WHAT NEEDS TO BE DONE →
When you reach the line containing "Foto número 423089 do veiculo" in the records below, start copying exactly, and stop once you have copied the line containing "Bekina Boots Steplite".

[DATA EXCERPTS Boundary: Start]

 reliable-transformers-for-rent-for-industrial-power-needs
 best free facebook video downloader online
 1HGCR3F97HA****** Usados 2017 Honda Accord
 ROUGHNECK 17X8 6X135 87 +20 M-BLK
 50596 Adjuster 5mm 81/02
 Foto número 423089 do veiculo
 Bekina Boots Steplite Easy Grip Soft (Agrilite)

[DATA EXCERPTS Boundary: End]
[DATA EXCERPTS Boundary: Start]

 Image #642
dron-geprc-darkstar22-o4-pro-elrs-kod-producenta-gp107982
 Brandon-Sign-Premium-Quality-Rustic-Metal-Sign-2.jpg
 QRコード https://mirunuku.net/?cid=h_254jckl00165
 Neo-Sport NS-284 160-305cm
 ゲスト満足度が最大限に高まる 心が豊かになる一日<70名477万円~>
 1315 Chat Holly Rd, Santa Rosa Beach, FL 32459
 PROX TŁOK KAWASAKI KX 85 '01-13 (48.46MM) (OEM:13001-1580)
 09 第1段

[DATA EXCERPTS Boundary: End]

YOUR SOLUTION →
 Foto número 423089 do veiculo
 Bekina Boots Steplite Easy Grip Soft (Agrilite)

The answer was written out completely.